THE MONEY PROBLEM

Chapter VII.PURCHASING POWER

THE terms “value” and “purchasing power” have hitherto been used synonymously, much to the confusion of the science, notwithstanding the fact that they embrace wholly different conceptions. Value is the relationship existing between two exchangeable commodities, and is expressed by a simple ratio of two numbers or quantities. Purchasing power is the power of a commodity in exchange, and is expressed by a *single number* or quantity. Value can be expressed only by two numbers ; purchasing power is expressed by one. There cannot be an invariable unit of value ; there can be an invariable unit of purchasing power. Nothing *possesses* value, but all commodities may be said to have purchasing power. A man's credit is his purchasing power ; we do not speak of it as his value.

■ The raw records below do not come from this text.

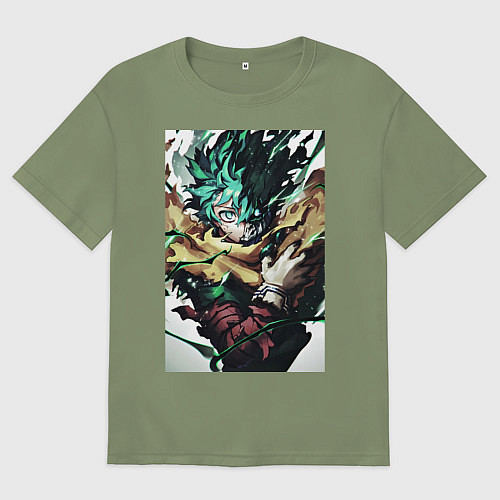 Мужская футболка оверсайз Моя геройская академия Идзуку Мидория арт / Авокадо – фото 1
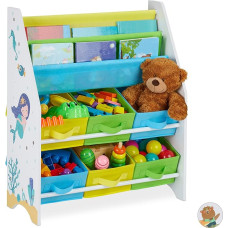 Relaxdays Children's Shelf, Sea Motif, 6 Boxes, 2 Compartments, Children's Room, Toy Storage, HBT 74 x 62 x 31.5 cm, Colourful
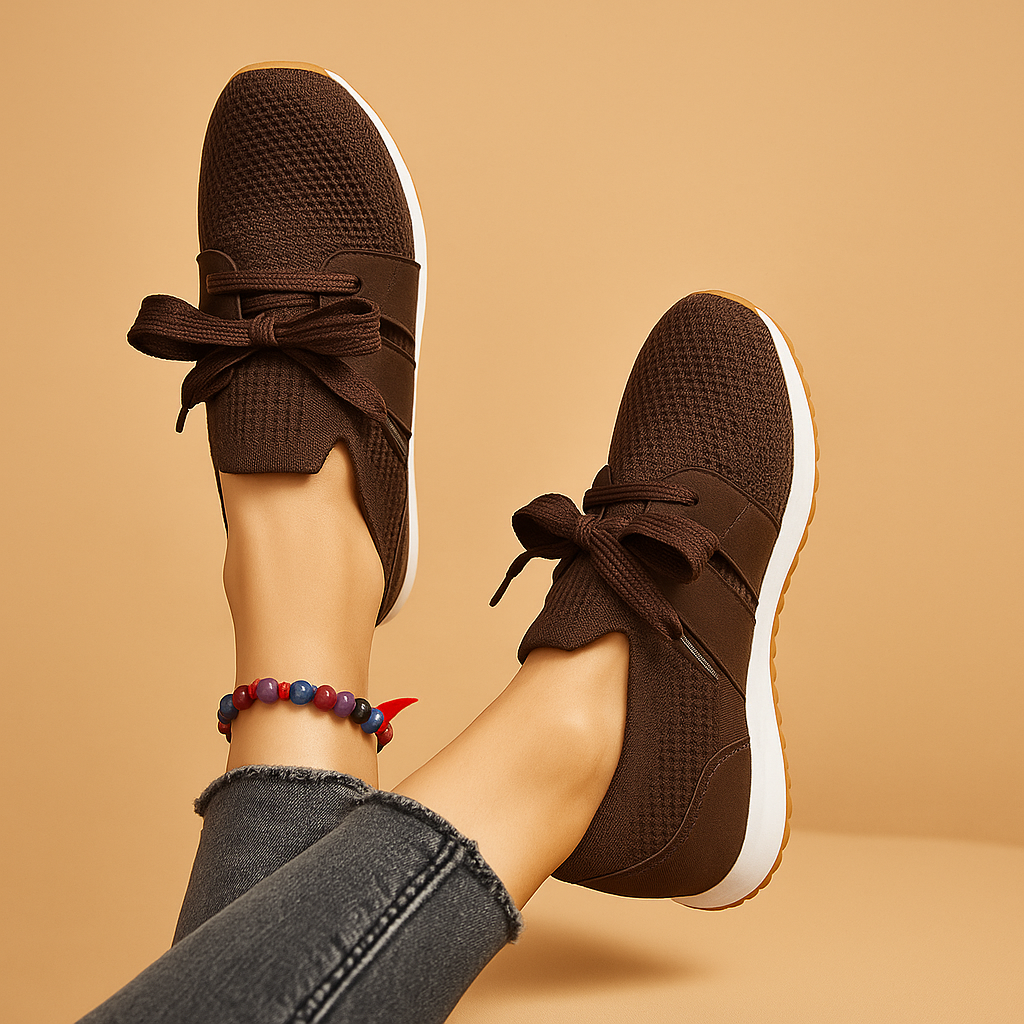 Comfortable lace-up sneakers for women with cushioned insole, breathable upper, and non-slip sole, ideal for everyday wear and city walks.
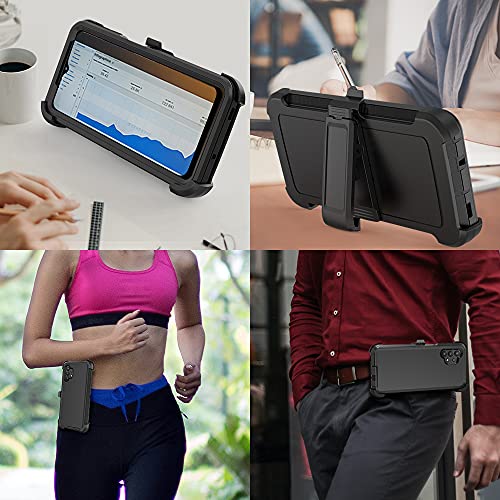 Tenco Compatible With Samsung Galaxy A32 5G Case,With Screen Protectors,Heavy Duty Rugged Shockproof Full Body Protection Kickstand Case Belt Clip Holster For 5G(Black), Sm-A326B, Sm-A326Bds #TOP6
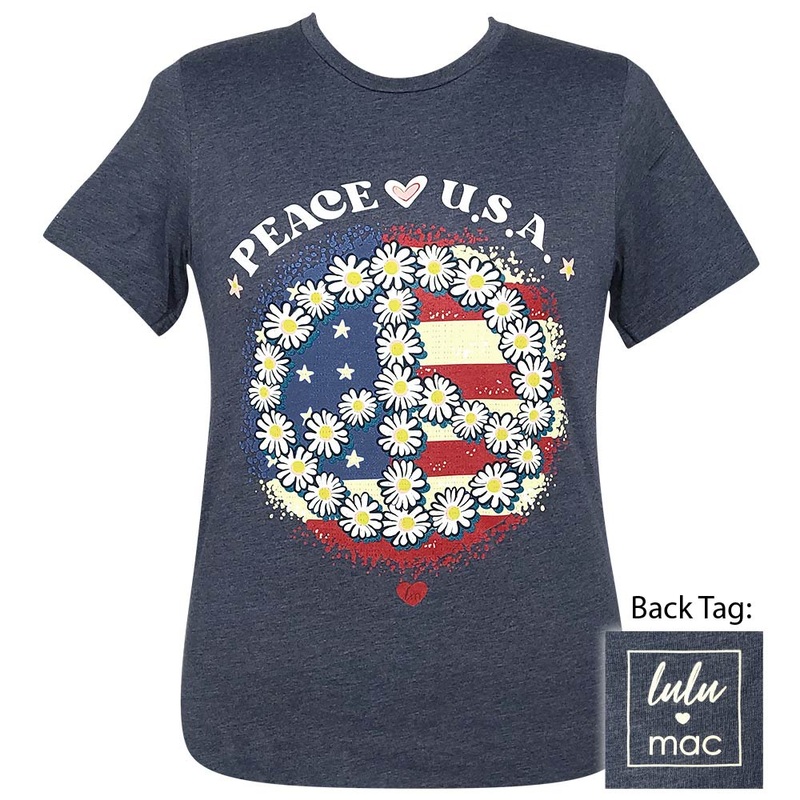 Lulu Mac – Peace USA – Heather Navy SS – LM74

We may trace an analogy between purchasing power and potential as used in mechanics. A body is said to have potential energy when it is placed above other objects, *i.e*., it has potential power with regard to any object or point below it. A stone thrown upwards gradually loses its initial energy imparted to it by the force that projected it upwards ; but this actual energy is gradually converted into potential energy, the latter increasing with the loss of the former until the initial energy is transformed wholly into potential, at its highest point. Thus potential energy is advantage of position. Now in the commercial world commodities occupy different relations to each other, relations which are constantly changing. Commodities are continually rising and falling in price, changes which are analogous to change of altitude in mechanics. With every fall there is a loss, and with every rise a gain in purchasing power. Purchasing power, unlike value, is capable of expression in units, which may be any number arbitrarily selected. Value, on the other hand, corresponds to distance, which is expressed by the relative positions of the two bodies.

UNIT OF PURCHASING POWER.

Referring to the illustration on page 78, I shewed how the exchange relationship of commodities received definite expression by ratios. These relations are expressed as follows :—

Butter in lbs. | Wheat in bush. | Coats. | Whiskey in gals. | Cows | Silver in oz. | Gold in oz. | Shoes in pairs. |

100 | 60 | 5 | 35 | 1 | 50 | 2½ | 10 |

Now in order to find the purchasing power of each of these commodities, it will be convenient to find their least common multiple, and then range them according to their powers. This multiple is 5250. Dividing this by each number, we obtain the following results :—

Butter in lbs. | Wheat in bush. | Coats. | Whiskey in gals. | Cows | Silver in oz. | Gold in oz. | Shoes in pairs. |

52.5 | 87.5 | 1050 | 150 | 5250 | 105 | 2100 | 525 |

It is only necessary to tabulate commodities as above, *commencing at any given time and place*, and bring the numbers that indicate their exchange relationship to a common multiple.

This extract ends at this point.